Estoy convencida de que el cerebro tiene formas de comunicarse que nada tienen que ver con el habla”
“Podría considerarse telepatía. Es algo fascinante, y no sé de qué forma podría llegar a estudiarse, pero estoy convencida de que el cerebro tiene formas de comunicarse que nada tienen que ver con el habla. Por momentos era como si nuestros cerebros estuvieran conectados. Sabía exactamente en qué estaba pensando hasta cuando hablábamos por teléfono, pero nunca lo decía de forma directa”, recuerda. El caso más espectacular está narrado en el libro. La escritora está de vacaciones en México con una amiga. Llama a su marido al centro en el que está internado y le pregunta qué tal el día. En ese momento ella está contemplando una pared de azulejos que le llama especialmente la atención. Y Rich contesta que han estado haciendo azulejos. “No era cierto, y yo lo sabía. Llamé al centro, nunca jamás ningún interno había hecho azulejos”, cuenta.
Thomas, a quien Stephen King considera “la Emily Dickinson de los escritores de libros de memorias”, cree que el misterio de esa forma de comunicación tiene que ver con “algún tipo de canal que abrimos cuando compartimos nuestra vida con alguien”. Un canal que hace que, con el tiempo, “ese alguien pueda leernos la mente sin darse cuenta”, añade. O tal vez es algo que ocurre cuando una zona del cerebro sufre un daño severo, que otra despierta.
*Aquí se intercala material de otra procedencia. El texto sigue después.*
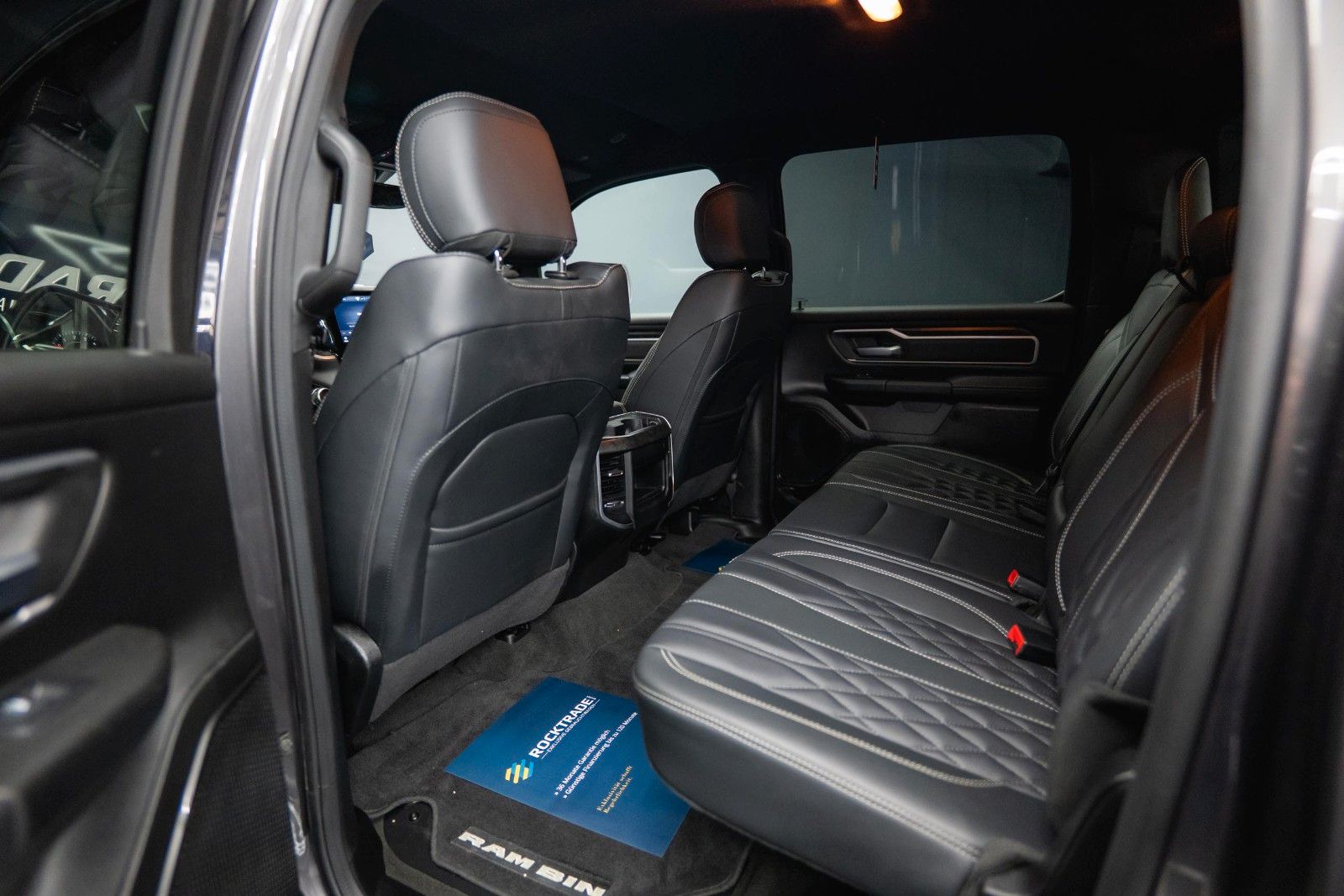 Dodge RAM 5.7 V8 HEMI 4x4 OFFROAD Night-Paket *LED*19%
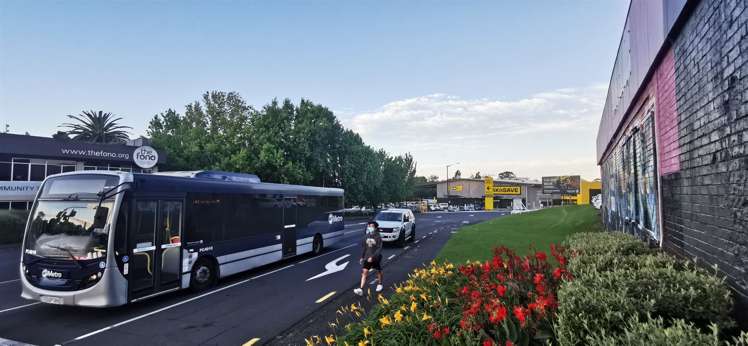 1 Alderman Drive Henderson_22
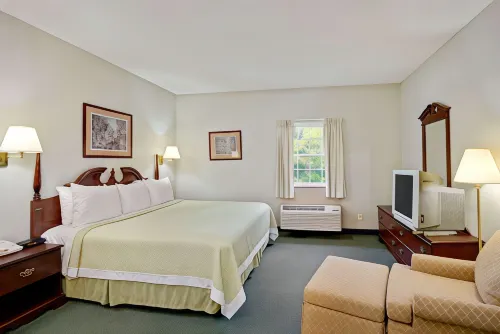 Days Inn by Wyndham Lisbon Hotels in Hanoverton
Tal vez el cerebelo, dice Thomas, “el cerebro más primitivo, acurrucado bajo las capas más evolucionadas, se comunique de otra manera”. Al fin y al cabo, se pregunta, ¿quién necesita palabras? “Mis perros me conocen mejor que yo misma”, se responde, en una de las páginas del libro, la mujer que empezó a escribir a los 47 años y que, desde entonces, no ha dejado de hacerlo.